Nothing but the lines below from the one that contains "Grayson Gurnsey as Ricky" through the one that contains "Tazza da caffè" should be retyped, exactly and including both ends. Do not include pictures.

**Material shown:**
------------------------------------------------------------
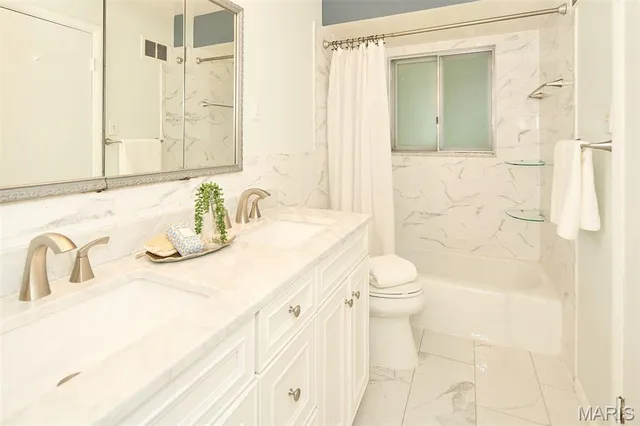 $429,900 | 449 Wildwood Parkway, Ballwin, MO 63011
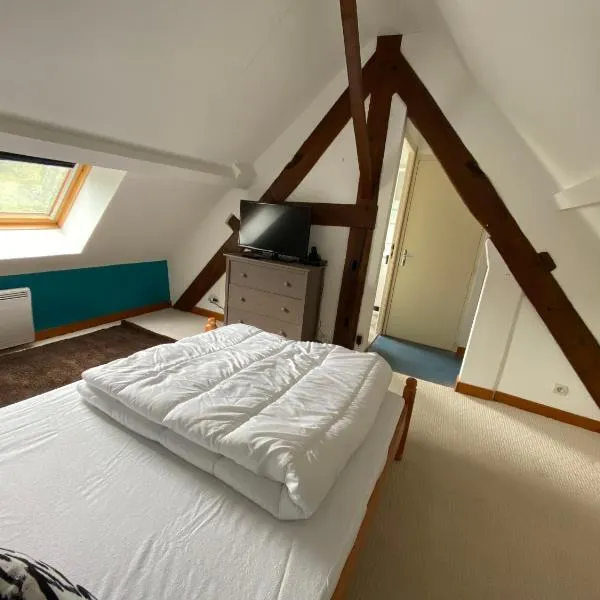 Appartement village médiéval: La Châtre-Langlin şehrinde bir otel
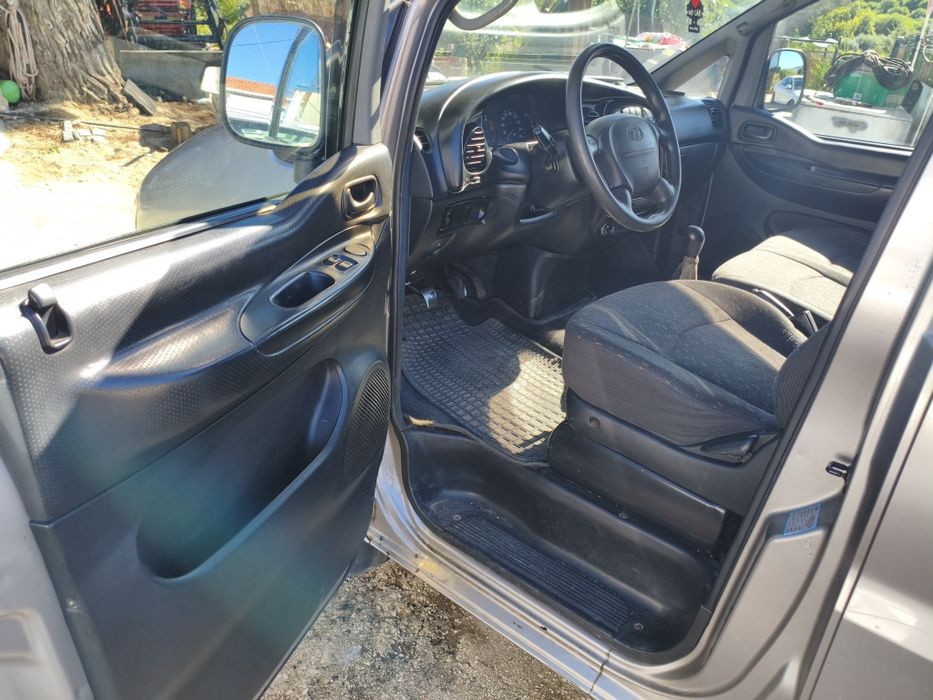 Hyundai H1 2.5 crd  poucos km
------------------------------------------------------------
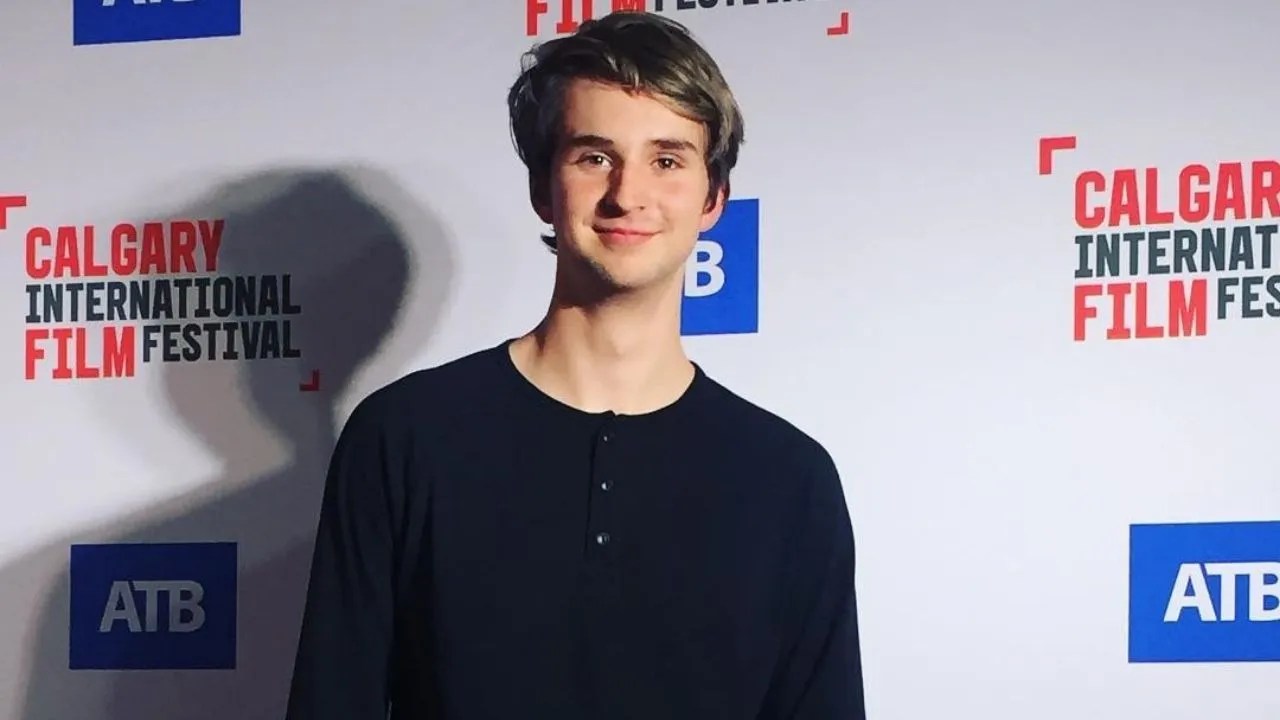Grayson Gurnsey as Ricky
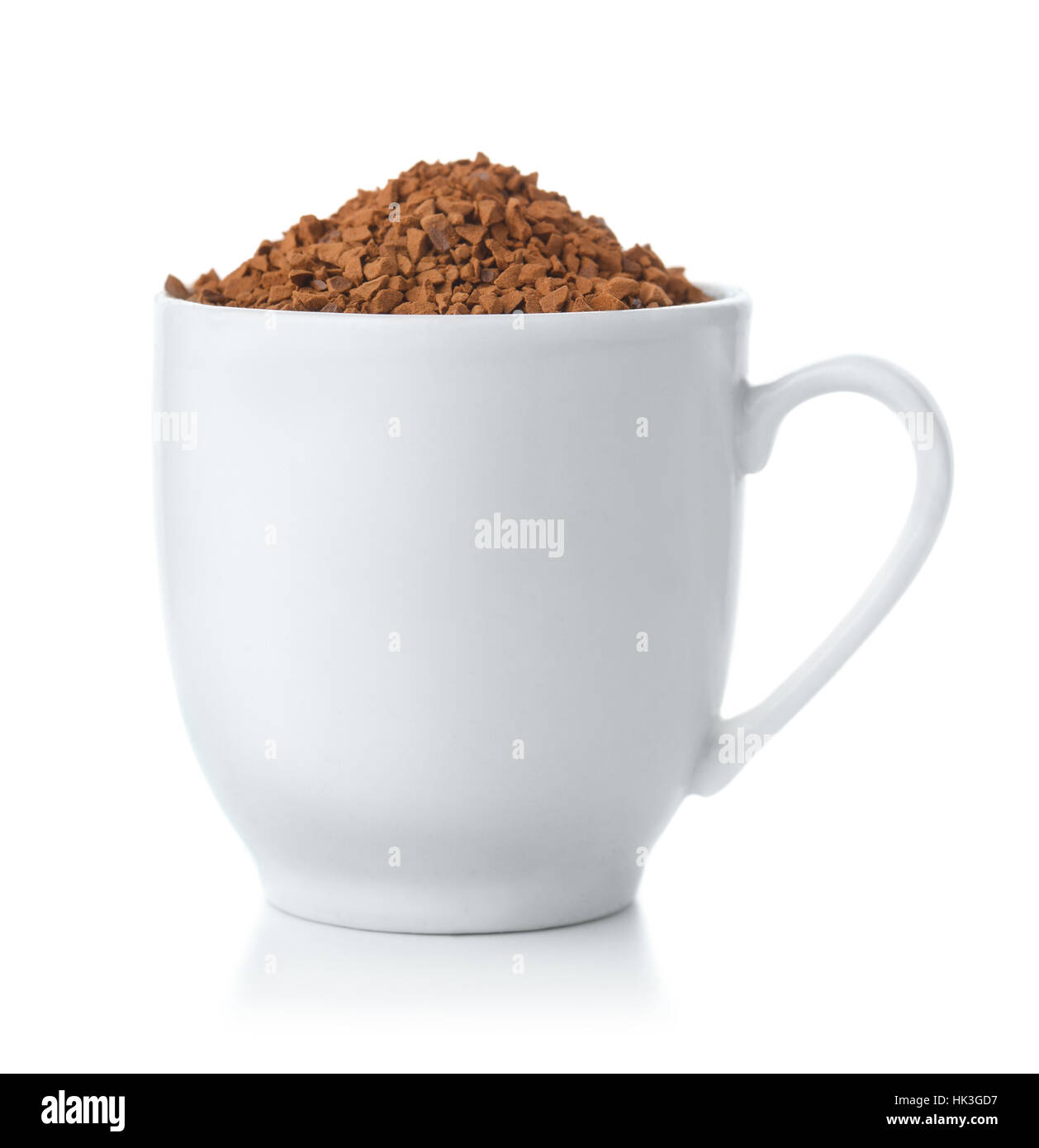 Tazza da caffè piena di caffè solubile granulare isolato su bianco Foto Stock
------------------------------------------------------------
**Result of the exercise:**
Grayson Gurnsey as Ricky
 Tazza da caffè piena di caffè solubile granulare isolato su bianco Foto Stock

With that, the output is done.